Stellen wir uns vor, ein Theater plant eine große Premiere. Ein gutes Risikomanagement überlegt vorher:

🎼 Was, wenn die Sopranistin krank wird? Eine Zweitbesetzung steht bereit.

🎼 Was, wenn das Bühnenbild nicht rechtzeitig fertig ist?  Alternativlösung parat.

🎼 Was, wenn das Publikum Buh-Rufe plant? Kritiker im Vorfeld besänftigen (oder Champagner bereitstellen).

Hier hat jemand mitgedacht – die Inszenierung ist gesichert.

Jetzt die andere Variante: Kein Risikomanagement, aber tolles Problemmanagement.

🎼 Die Sopranistin fällt aus – Panik, Notruf an die Zweitbesetzung, die sich auf den Weg macht – im ersten Akt wird ihr Part von einer Statistin rezitiert.

🎼 Das Bühnenbild ist nicht fertig – Kreative Idee: Der Regisseur erklärt dem Publikum spontan, dass „Minimalismus das neue Barock ist“.

🎼 Das Publikum buht – der Inspizient dimmt hektisch das Licht, um die Flucht der Intendanz zu erleichtern.

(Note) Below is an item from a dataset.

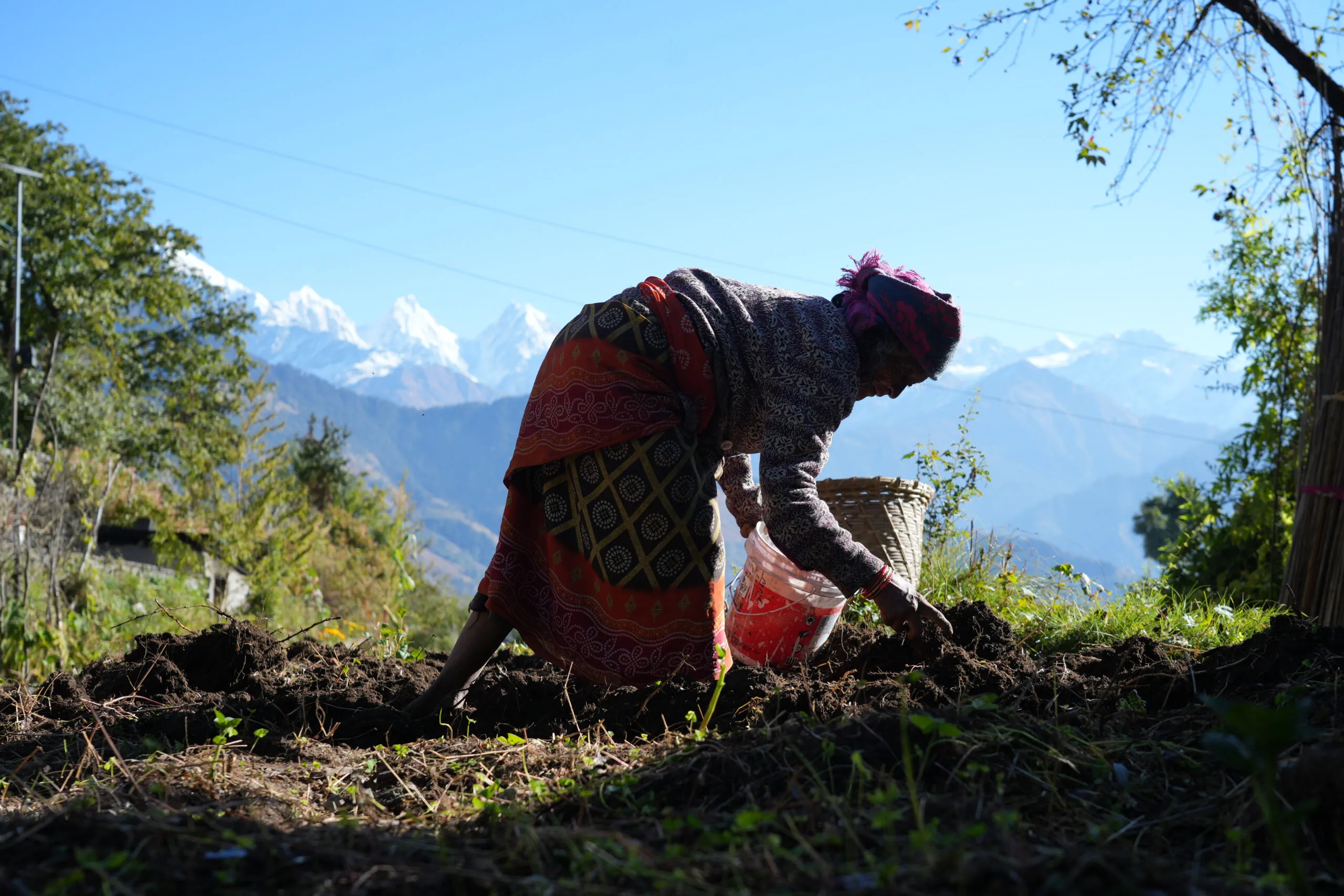Supplementary Budget: अन्नदाता को प्राथमिकता, धान-गेहूं खरीद के लिए 1,100 करोड़ रुपये का प्रावधान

Sicher nicht die ideale Lösung. Wichtig bleiben im Falle eines Problems immer drei grundsätzliche Strategien:

🎼 Es gibt genau einen Problem-Manager mit entsprechenden Vollmachten. Nicht alle Beteiligten sollten und dürfen in einer kritischen Situation Maßnahmen anordnen.

🎼 Die grundsätzliche Strategie und Vollmachten für diesen Manager werden vor dem Start eines Projekts – also einer Vorführung – festgelegt und sind im Team bekannt.

🎼 Ruhig bleiben! Keine Hektik verbreiten, denn das verschlimmert die Situation nur.

Der Unterschied von Risiko und Problem? Timing.

Im Projektmanagement unterscheiden sich beide Bereiche wie folgt:

Risikomanagement fragt: „Was könnte schiefgehen?“ und plant Gegenmaßnahmen.

Problemmanagement fragt: „Warum brennt alles?“ und wie lösen wir das jetzt.

Fazit: Der beste Problemmanager ist derjenige, der kaum gebraucht wird.

Die erfolgreichsten Projekte sind nicht solche, die spektakulär gerettet wurden – sondern sie müssen gar nicht erst gerettet werden. Denn seien wir ehrlich: Niemand applaudiert dem Dirigenten, weil er es irgendwie geschafft hat, eine Chaos-Probe in eine halbwegs funktionierende Premiere zu verwandeln. Er bekommt Applaus, weil es gar nicht erst chaotisch wurde.

Also: Lieber Risikomanager als Feuerwehrmann. Denn wenn das Bühnenbild schon brennt, ist es eigentlich zu spät.